- Work item: Copy nothing from the entries below except the lines from the one containing "This is a beautiful" through the one containing "Fish art wallpaper", and copy those exactly.

START Data to process

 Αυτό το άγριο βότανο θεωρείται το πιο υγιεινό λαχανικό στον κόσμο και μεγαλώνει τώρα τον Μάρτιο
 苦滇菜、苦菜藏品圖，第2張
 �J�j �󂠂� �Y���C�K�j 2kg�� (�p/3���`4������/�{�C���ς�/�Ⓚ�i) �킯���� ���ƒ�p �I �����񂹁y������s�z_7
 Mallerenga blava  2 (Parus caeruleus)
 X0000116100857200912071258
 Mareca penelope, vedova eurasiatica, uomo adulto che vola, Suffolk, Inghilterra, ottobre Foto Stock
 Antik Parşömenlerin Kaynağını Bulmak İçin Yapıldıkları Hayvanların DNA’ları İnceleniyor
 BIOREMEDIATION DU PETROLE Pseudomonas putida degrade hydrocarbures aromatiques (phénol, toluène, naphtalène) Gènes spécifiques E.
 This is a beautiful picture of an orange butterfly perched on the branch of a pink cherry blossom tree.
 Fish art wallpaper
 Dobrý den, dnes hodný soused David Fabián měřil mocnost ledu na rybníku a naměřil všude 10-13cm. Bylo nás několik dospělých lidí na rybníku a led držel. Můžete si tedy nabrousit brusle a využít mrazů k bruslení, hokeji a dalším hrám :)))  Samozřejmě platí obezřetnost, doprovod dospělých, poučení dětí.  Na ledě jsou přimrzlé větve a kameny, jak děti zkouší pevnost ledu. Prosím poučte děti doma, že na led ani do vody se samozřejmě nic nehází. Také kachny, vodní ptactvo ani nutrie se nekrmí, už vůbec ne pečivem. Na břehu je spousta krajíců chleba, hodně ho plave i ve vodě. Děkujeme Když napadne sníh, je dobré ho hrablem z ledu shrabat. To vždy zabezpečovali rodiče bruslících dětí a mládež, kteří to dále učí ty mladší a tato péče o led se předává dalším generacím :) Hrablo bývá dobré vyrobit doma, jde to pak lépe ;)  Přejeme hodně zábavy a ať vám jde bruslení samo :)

END Data to process

- Answer area:
 This is a beautiful picture of an orange butterfly perched on the branch of a pink cherry blossom tree.
 Fish art wallpaper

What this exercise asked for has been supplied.